No our gas prices are seventy five cents higher than six months ago..


----------



## Pogo

Pilot1 said:


> United States Crude Oil Production | 2019 | Data | Chart | Calendar
> 
> Then how do you explain this Pogo?



That's easy.  More profit for my oil stocks.


----------



## percysunshine

Gas prices around the world 2018 | Statista

Note California skews the US price.


----------



## william the wie

initforme said:


> We are told we are awash in oil and have never refined this much.   Yet gas prices rise.  But noooo we weren't fibbed.


 not by the federal government CA, NM and probably other states are jacking up prices and this goes back to at least the Teapot dome scandal under Harding


----------



## Synthaholic

initforme said:


> We have more drilling than ever before, yet gas prices rising steadily.


We already have a thread for this:

TrumpGas™


----------



## Pogo

Synthaholic said:


> initforme said:
> 
> 
> 
> We have more drilling than ever before, yet gas prices rising steadily.
> 
> 
> 
> We already have a thread for this:
> 
> TrumpGas™
Click to expand...


Now available in Orange Vanilla.  Only $130,000.


----------



## Wyatt earp

initforme said:


> We are told we are awash in oil and have never refined this much.   Yet gas prices rise.  But noooo we weren't fibbed.



what do you care, you drive an electric car that is subsidize by poor people


----------



## percysunshine

Synthaholic said:


> initforme said:
> 
> 
> 
> We have more drilling than ever before, yet gas prices rising steadily.
> 
> 
> 
> We already have a thread for this:
> 
> TrumpGas™
Click to expand...


I love your avatar....it is so...you...


----------



## william the wie

With the economic data coming out of China and the EU prices will come down again. For example NY's only path out of default next year is to frack like their is no tomorrow.


----------



## Synthaholic

percysunshine said:


> Synthaholic said:
> 
> 
> 
> 
> 
> initforme said:
> 
> 
> 
> We have more drilling than ever before, yet gas prices rising steadily.
> 
> 
> 
> We already have a thread for this:
> 
> TrumpGas™
> 
> Click to expand...
> 
> 
> I love your avatar....it is so...you...
Click to expand...

Young, smart, good-looking. Yup!


----------



## percysunshine

Synthaholic said:


> percysunshine said:
> 
> 
> 
> 
> 
> Synthaholic said:
> 
> 
> 
> 
> 
> initforme said:
> 
> 
> 
> We have more drilling than ever before, yet gas prices rising steadily.
> 
> 
> 
> We already have a thread for this:
> 
> TrumpGas™
> 
> Click to expand...
> 
> 
> I love your avatar....it is so...you...
> 
> Click to expand...
> 
> Young, smart, good-looking. Yup!
Click to expand...


I will give you 10 to 1 odds against the ‘smart’ thingy...and 5 to 1 odds against the ‘young’ thingy. ... old man....


----------



## william the wie

Panasonic has all but ceased to send Tesla batteries. That is a major problem.


----------



## Weatherman2020

initforme said:


> We have more drilling than ever before, yet gas prices rising steadily.

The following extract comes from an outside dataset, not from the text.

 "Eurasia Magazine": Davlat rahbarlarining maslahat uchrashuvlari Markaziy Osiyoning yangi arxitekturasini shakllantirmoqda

Iran promises to close the Strait.


----------



## Pilot1

We have unrest in Venezuela due to Democratic Socialism causing extreme poverty, and unrest in the Middle East.  This political volatility causes uncertainty with oil and gas supply.  Prices will rise.  If it weren't for Trump's Energy Policies, our gasoline, oil and natural gas prices would be much, much higher.  They are still very low, especially when adjusted for inflation.


----------



## william the wie

Pilot1 said:


> We have unrest in Venezuela due to Democratic Socialism causing extreme poverty, and unrest in the Middle East.  This political volatility causes uncertainty with oil and gas supply.  Prices will rise.  If it weren't for Trump's Energy Policies, our gasoline, oil and natural gas prices would be much, much higher.  They are still very low, especially when adjusted for inflation.



The difficulty is in refining. While well outside of my circle of competence I do know that block-chain software was designed to make things like refining safer but TX has regular refinery problems. Our private and public infrastructure is antiquated and needs to be fixed.


----------



## Synthaholic




----------



## HenryBHough

I'm disappointed that gasoline hasn't reached $5.00 a gallon.

When it get there the roads are less clogged with RVs and commuters do stuff like carpooling so the roads are less dangerous.


----------